To get the recipe's name, it is using the list of links/hrefs, accessing and parsing the page. Then it finds the h1 tag in the html wihch should be the dish name.

In [5]:
RecipeList = []

for recipe in hrefs:
    req = requests.get(recipe) # Accesses the next recipe
    soup = bs(req.text, "html.parser")
    title = soup.findAll('h1') # finds the name of the recipe

    row = []

    for j in title:
        row.append(str(j.get_text(strip=False)))

    row.append(recipe)

    RecipeList.append(row)

In [6]:
linkList = []
dishList = []

for entry in RecipeList:
    linkList.append(entry[1])
    dishList.append(entry[0])

In [7]:
listOfRecipesCSV = pandas.read_csv('../CSV/recipeLinks.csv')

In [8]:
recipeListDF = pandas.DataFrame(list(zip(dishList, linkList)), columns=['Recipe Name', 'Links'])

In [9]:
listOfRecipesCSV = listOfRecipesCSV.append(recipeListDF, ignore_index = True)
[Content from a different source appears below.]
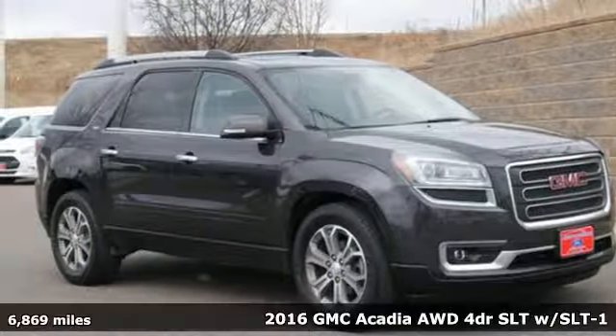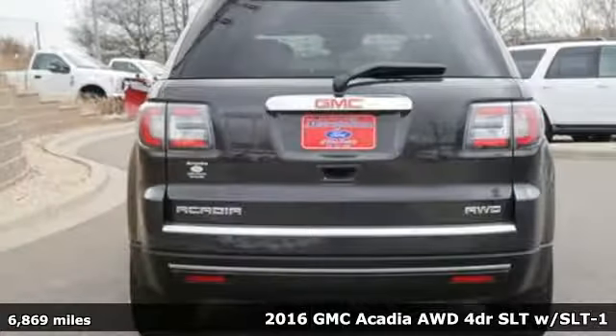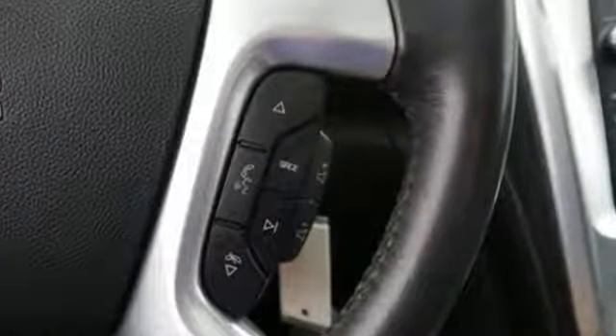Here's a 2016 GMC Acadia. This Acadia is focused on delivering performance and handling that keeps you firmly in control. The 3.6-liter V6 engine gets you moving, and the Stabilitrack helps you stay on course.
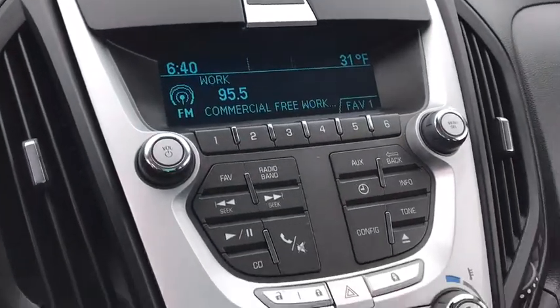Tachometer, daytime running lights, rear wiper, head-up display, power mirrors, privacy glass, remote window operation.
  listOfRecipesCSV = listOfRecipesCSV.append(recipeListDF, ignore_index = True)


In [10]:
listOfRecipesCSV.to_csv('../CSV/recipeLinks.csv')
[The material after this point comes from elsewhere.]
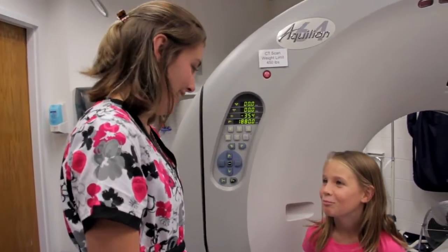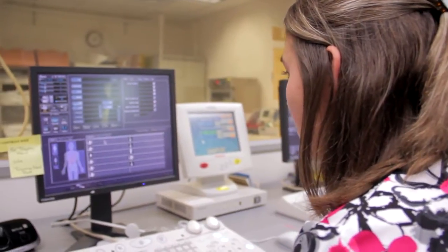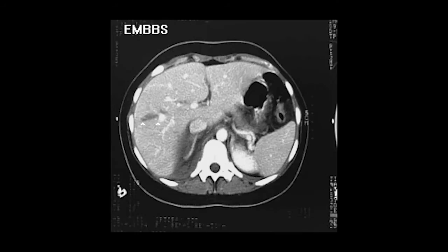What CT is, is the art of taking diagnostic x-rays, but utilizing a computer to make it 3D. It's just a whole different way of looking at x-rays, because before you're looking at a flat image, and now you can see the whole body in 3D. You can pick up little tiny things that you would never see on general x-ray.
## Append ingredients to CSV file
The CSV file created before is being used to get all the Maltese Cuisine dishes and their links.
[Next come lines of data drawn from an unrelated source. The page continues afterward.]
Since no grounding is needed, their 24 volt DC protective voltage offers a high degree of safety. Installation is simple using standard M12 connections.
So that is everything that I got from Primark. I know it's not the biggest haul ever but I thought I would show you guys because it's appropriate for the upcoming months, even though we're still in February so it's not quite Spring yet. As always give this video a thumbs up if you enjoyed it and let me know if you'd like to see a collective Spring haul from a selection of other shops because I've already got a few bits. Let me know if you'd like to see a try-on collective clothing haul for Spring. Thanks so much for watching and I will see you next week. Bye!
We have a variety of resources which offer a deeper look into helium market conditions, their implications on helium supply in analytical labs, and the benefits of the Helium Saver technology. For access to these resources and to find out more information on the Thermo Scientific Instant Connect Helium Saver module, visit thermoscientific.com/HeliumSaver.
The getListOfIngredients function will go through a recipe's page whose URL is passed as a parameter. The list of ingredients is being returned. This function does not parse the ingredients insted it takes the entire string found on the page, meaning that if one of the recipe ingredients were '2 breaded veal chops' it will return '2 breaded veal chops'.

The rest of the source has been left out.